Se me ocurrió este escrito por varios acontecimientos recientes.
Por un lado, unos políticos (casi todos de aquellas familias que
creían en la extraña consigna del destino en lo universal y
despreciaban la lengua de la tierra por ser asunto de pobres y aldeanos
ignorantes) han salido a la palestra (sitio donde se controvierte sobre cualquier
asunto) proclamando la no existencia del asturiano como lengua.
Y entonces a mí me dio mucha lástima y me acordé
de la vara de saúco de don Manuel. «Hay muchos que siempre tienen
en la boca el no, con que todo lo desazonan; el no es siempre
el primero en ellos, y, aunque después todo lo vienen a conceder,
no se les estima, porque precedió aquella primera desazón»,
apunta Gracián, en Oráculo manual y arte de
prudencia.
Otro hecho reciente fue la noticia ésa de unos muchachos
(probes guajes) castigados a llevar piedras
en las mochilas por no hablar vasco (que es un asunto como aquél del
maestro, pero a la inversa). Y del mismo modo me apesadumbró
(mancóme enforma), por
idénticos fundamentos, el abucheo, en un acontecimiento público,
a un artista catalán, de los que siempre defendieron la libertad,
por cantar en la lengua de su tierra.
¿Será verdad aquello que escribía Morales en
Ardor con ardor se paga de que España es una suma de intolerancias?

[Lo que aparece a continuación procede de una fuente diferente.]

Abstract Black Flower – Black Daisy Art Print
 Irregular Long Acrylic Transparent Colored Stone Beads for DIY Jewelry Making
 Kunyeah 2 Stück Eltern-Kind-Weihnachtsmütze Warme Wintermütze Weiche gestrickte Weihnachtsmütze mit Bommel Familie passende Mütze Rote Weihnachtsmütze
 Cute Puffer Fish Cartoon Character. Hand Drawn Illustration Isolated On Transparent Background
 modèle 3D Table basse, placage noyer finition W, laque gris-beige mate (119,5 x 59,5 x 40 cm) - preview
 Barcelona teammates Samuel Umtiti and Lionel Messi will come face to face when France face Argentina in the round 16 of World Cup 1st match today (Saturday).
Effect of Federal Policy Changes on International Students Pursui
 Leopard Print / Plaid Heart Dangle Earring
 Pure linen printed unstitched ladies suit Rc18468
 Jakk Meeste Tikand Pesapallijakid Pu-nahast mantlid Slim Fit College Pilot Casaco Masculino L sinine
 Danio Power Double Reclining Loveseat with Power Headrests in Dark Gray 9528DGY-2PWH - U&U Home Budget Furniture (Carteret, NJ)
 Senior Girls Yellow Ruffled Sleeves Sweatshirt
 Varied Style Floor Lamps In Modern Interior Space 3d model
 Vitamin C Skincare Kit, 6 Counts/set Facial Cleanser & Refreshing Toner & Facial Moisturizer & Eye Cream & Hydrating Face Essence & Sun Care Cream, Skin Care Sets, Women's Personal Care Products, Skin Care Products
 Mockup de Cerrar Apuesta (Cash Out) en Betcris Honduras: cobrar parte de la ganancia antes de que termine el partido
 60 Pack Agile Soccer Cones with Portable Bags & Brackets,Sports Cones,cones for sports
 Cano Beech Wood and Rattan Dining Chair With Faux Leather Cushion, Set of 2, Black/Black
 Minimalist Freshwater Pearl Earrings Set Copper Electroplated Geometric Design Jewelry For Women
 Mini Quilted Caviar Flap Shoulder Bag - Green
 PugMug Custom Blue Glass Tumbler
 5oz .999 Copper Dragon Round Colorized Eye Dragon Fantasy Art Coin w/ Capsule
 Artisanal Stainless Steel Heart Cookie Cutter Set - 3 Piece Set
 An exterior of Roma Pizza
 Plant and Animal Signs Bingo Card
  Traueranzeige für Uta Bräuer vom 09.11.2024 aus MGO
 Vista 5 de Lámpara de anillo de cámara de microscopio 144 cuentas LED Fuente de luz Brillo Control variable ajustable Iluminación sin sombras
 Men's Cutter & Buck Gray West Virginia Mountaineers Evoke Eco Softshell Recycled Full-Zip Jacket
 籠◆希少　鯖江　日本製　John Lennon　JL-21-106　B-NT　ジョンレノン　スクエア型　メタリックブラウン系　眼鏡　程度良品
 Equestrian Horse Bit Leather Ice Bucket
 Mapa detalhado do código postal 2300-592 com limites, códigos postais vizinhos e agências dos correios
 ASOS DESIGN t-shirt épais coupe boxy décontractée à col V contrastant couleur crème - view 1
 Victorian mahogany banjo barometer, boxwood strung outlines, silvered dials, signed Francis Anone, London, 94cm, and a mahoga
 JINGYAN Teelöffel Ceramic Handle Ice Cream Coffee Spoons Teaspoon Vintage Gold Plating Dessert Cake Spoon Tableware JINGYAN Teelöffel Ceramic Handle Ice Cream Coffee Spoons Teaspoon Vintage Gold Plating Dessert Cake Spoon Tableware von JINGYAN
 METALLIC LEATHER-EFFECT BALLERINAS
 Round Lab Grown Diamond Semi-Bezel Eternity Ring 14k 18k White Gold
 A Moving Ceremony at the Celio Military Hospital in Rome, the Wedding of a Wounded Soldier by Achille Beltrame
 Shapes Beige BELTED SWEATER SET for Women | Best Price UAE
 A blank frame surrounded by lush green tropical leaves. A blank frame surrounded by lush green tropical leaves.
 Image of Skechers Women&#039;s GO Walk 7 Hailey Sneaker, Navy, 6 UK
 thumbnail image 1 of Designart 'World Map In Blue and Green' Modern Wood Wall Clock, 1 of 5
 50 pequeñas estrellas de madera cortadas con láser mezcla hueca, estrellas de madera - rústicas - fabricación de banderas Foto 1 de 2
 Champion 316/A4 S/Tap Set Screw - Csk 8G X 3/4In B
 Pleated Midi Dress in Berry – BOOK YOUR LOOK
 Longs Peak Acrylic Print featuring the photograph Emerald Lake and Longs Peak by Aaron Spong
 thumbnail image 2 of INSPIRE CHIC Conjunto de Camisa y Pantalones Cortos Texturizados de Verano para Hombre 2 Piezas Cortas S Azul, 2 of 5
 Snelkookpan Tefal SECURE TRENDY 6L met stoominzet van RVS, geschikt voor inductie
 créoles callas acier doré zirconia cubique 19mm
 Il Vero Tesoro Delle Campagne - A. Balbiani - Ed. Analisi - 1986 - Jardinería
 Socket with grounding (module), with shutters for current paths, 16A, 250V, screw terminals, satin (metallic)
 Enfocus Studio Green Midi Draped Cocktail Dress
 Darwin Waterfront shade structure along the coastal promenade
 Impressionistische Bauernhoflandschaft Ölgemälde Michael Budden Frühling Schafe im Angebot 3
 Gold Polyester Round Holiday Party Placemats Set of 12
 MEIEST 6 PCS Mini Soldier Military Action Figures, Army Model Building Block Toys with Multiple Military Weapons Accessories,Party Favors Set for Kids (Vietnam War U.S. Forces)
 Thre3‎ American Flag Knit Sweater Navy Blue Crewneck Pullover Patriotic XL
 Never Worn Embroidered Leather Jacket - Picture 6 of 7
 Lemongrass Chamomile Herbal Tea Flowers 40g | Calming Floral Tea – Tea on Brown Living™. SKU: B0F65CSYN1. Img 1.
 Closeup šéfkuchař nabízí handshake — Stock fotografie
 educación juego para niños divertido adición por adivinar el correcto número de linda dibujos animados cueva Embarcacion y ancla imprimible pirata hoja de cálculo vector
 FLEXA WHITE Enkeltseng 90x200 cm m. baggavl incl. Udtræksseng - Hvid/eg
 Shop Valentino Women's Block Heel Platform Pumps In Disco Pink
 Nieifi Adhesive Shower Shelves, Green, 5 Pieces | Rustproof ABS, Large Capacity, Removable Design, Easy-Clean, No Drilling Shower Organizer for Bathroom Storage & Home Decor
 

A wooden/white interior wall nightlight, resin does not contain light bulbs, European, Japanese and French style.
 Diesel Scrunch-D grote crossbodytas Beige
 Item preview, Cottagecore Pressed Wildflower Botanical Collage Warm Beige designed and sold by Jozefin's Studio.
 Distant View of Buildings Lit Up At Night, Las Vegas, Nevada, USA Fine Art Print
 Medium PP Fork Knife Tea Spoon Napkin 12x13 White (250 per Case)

A causa de la intransigencia yo ahora debo esforzarme en aprender mi propia
lengua. Confieso que, al hacerlo, siento como que vuelvo a nacer. Puede que
algún día los personajes de mis sueños se vuelvan a
expresar en asturiano.
Pero será despacio (adulces,
pasín a pasu...), y, mientras, que cada uno se entienda
consigo mismo como mejor le parezca, y que cada uno descubra en esa palestra
(reparada y apuntalada tantas veces) al político que más
disimuladamente le mienta, o a su maestro perdido de la infancia, o a su
filólogo más incauto y confidencial. Cometimos un error muy
grave: el de hablar a medias para que todos nos pudieran entender, y ahora
vienen diciendo que no sabemos hablar.